I am trying to train N independant models using M GPUs in parallel on one machine. What I currently want to achieve is training the N models, M at a time in parallel for given number of epochs, store the intermediate return output of each model until all are done, process the stored outputs and repeat for a number of rounds.
Each client
has a device
property with a GPU id, and model parameters are assigned to the device before training. The device_dict
dictionary has one key for each gpu containing a list of client ids assigned to the device. Here is what I have implemented so far (untested) and am unsure if that is the best way of doing this.

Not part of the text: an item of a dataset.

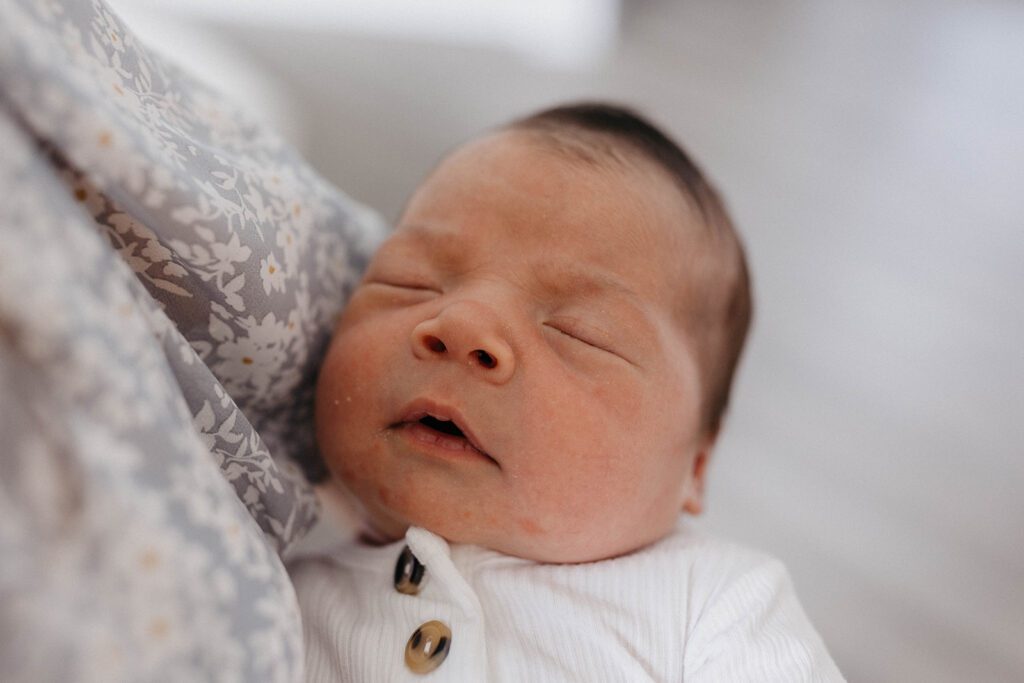 newborn photos of baby in home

def train_mp(self, num_rounds, train_epochs):
# Initialize logit queue for server update after each round
logit_queue = Queue()
for _ in num_rounds:
self.round += 1
diffusion_seed = self.server.generate_seed()
server_logit = self.server.get_logit()
processes = []
# Start processes for each client on each device
for i in range(math.ceil(self.num_clients / self.num_devices)):
for device, client_ids in self.device_dict.items():
if i < len(client_ids):
process = mp.Process(target=self.client_update, args=(self.clients[client_ids[i]], server_logit, diffusion_seed, logit_queue))
process.start()
processes.append(process)
# Wait for all processes to finish
for process in processes:
process.join()
# Update server model with client logit queue
self.server.knowledge_distillation(logit_queue)
I currently do not have access to a multi-GPU machine to test anything so am unsure what the best way of doing this would be. Any help would be appreciated.